(GIVEN DATA)

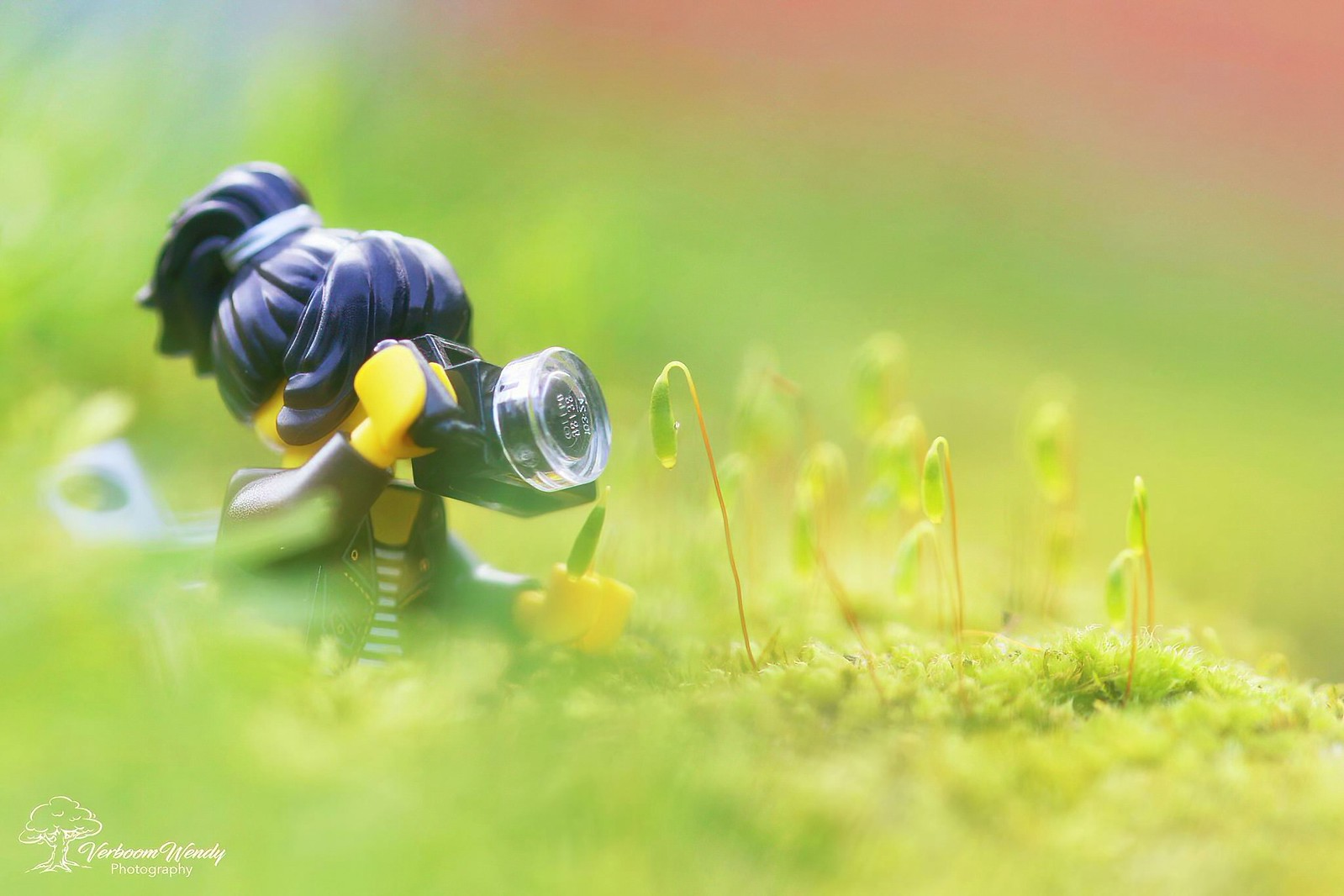 Winners of the LEGO Build & Capture Photo Contest 2021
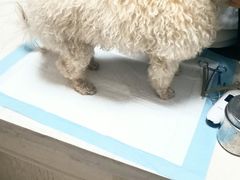 -关爱动物医院·心脏·中兽医·异宠(金牛路分院)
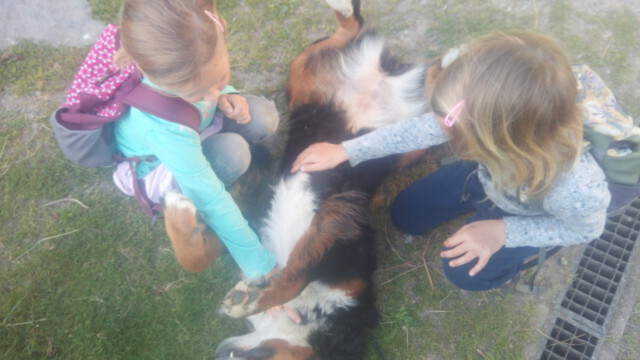 Auch Mira kommt auf ihre Kosten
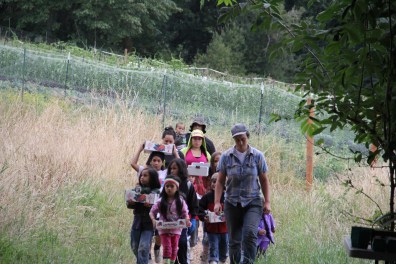 Project Supervisor Caitlin Karlin and a team of volunteer berry pickers. Photo by Angelo Baca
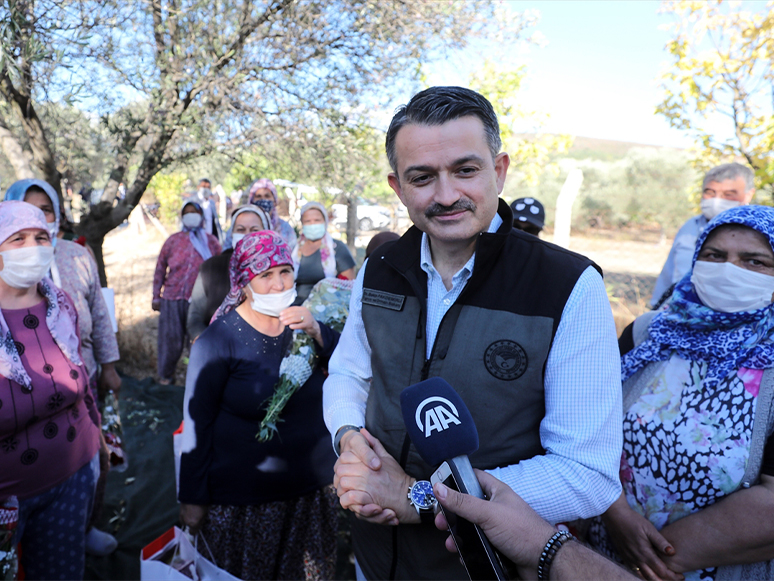 Bakan Pakdemirli Kadın Çiftçilerle Zeytin Hasadına Katıldı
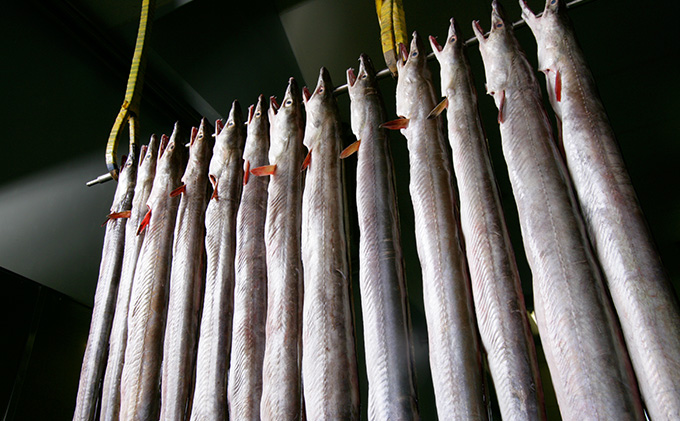 かまぼこ 8種 セット 魚 練り天 詰め合わせ さつま揚げ 焼通し ちくわ きくらげ天 たらこ巻 しょうが天 はも笹がき天 ねぎ焼いか焼 蒲鉾 練り物 練り製品 魚肉 魚介 魚介類  大阪 柏原市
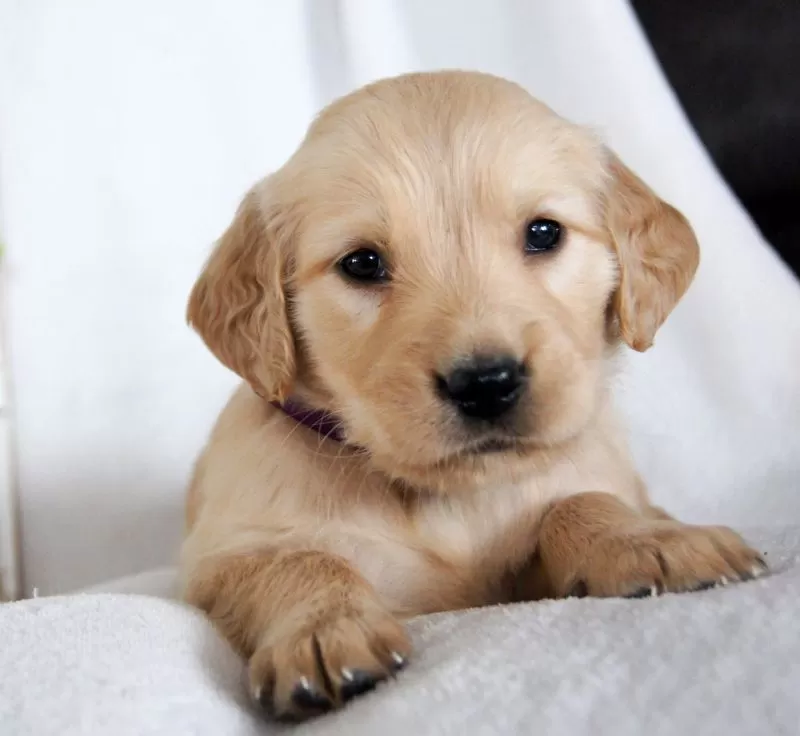 Bailey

(End GIVEN DATA)

**TASK PROMPT**
Could the entries above be retyped exactly, with the pictures left out?

**RESPONSE TO THIS TASK**
 Winners of the LEGO Build & Capture Photo Contest 2021
 -关爱动物医院·心脏·中兽医·异宠(金牛路分院)
 Auch Mira kommt auf ihre Kosten
 Project Supervisor Caitlin Karlin and a team of volunteer berry pickers. Photo by Angelo Baca
 Bakan Pakdemirli Kadın Çiftçilerle Zeytin Hasadına Katıldı
 かまぼこ 8種 セット 魚 練り天 詰め合わせ さつま揚げ 焼通し ちくわ きくらげ天 たらこ巻 しょうが天 はも笹がき天 ねぎ焼いか焼 蒲鉾 練り物 練り製品 魚肉 魚介 魚介類  大阪 柏原市
 Bailey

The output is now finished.